Hope we ran a good tournament for all and hope to see everyone again soon.



Jami Norman


----------



## Nipididdee (Apr 19, 2004)

Congrats to all!

You two Jamies should know a weekend w/ a scheduled dobass event means nothing but wind-rain and snow 

I awoke at 10am Sunday- lunch with fam- Moggie by 2pm, I was ahead of schedule. My apologies for nothing less than sheer laziness and desires of sleep.

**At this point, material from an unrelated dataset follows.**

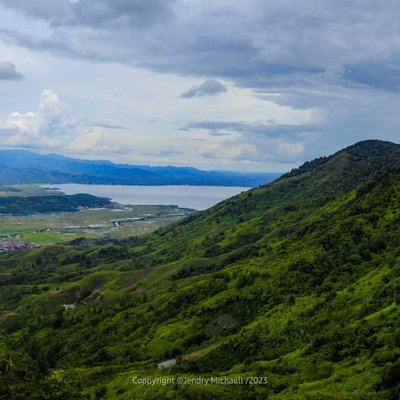 Objek Wisata Bukit Khayangan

Glad to hear of the good turnout- I tried to DQ one of your guys pre-fishn' on Sat... 

nip


----------



## lakeslouie (Jan 11, 2006)

Man Gabe is on fire this Spring!!!
Congrats to all!


----------



## alumking (Feb 27, 2006)

I think we would have had 60 boats if the weather would have been nicer. Thanks for the DQ on our tournament crew I got a kick out of that. Just goes to show you are on the ball Rorey. Me and Jamie always look forward to your events in fact it is the high point of our year in Ohio keep up the good work. I have come to realize being a tournament director now that it is a ton of work that effects your fishing!


----------



## lakeslouie (Jan 11, 2006)

alumking said:


> I think we would have had 60 boats if the weather would have been nicer. Thanks for the DQ on our tournament crew I got a kick out of that. Just goes to show you are on the ball Rorey. Me and Jamie always look forward to your events in fact it is the high point of our year in Ohio keep up the good work. I have come to realize being a tournament director now that it is a ton of work that effects your fishing!


Amen! lol


----------